[Try it]
Only one stretch of the data below should be repeated: the lines from the line containing "Electric wheelchair lift for van or minibus" through the line containing "Un dormitorio luminoso", inclusive, exactly as they are.

[Material for this task]

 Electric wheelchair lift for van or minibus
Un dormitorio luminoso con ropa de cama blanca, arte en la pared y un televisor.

==

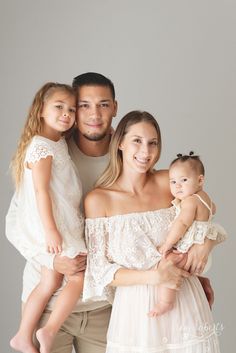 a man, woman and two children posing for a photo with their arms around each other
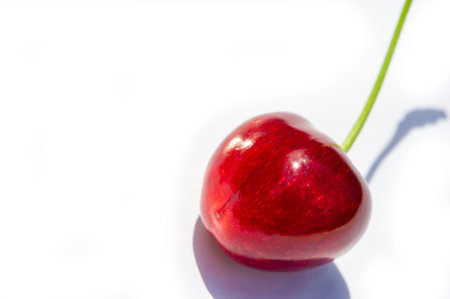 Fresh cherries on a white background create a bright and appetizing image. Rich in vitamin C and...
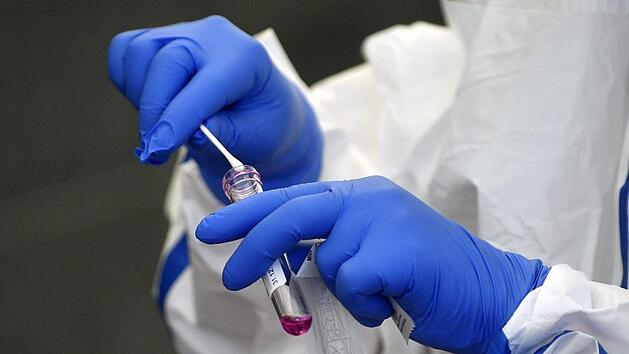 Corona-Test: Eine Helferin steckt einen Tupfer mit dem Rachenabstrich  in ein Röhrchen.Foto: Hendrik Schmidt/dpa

[Answer section]
 Electric wheelchair lift for van or minibus
Un dormitorio luminoso con ropa de cama blanca, arte en la pared y un televisor.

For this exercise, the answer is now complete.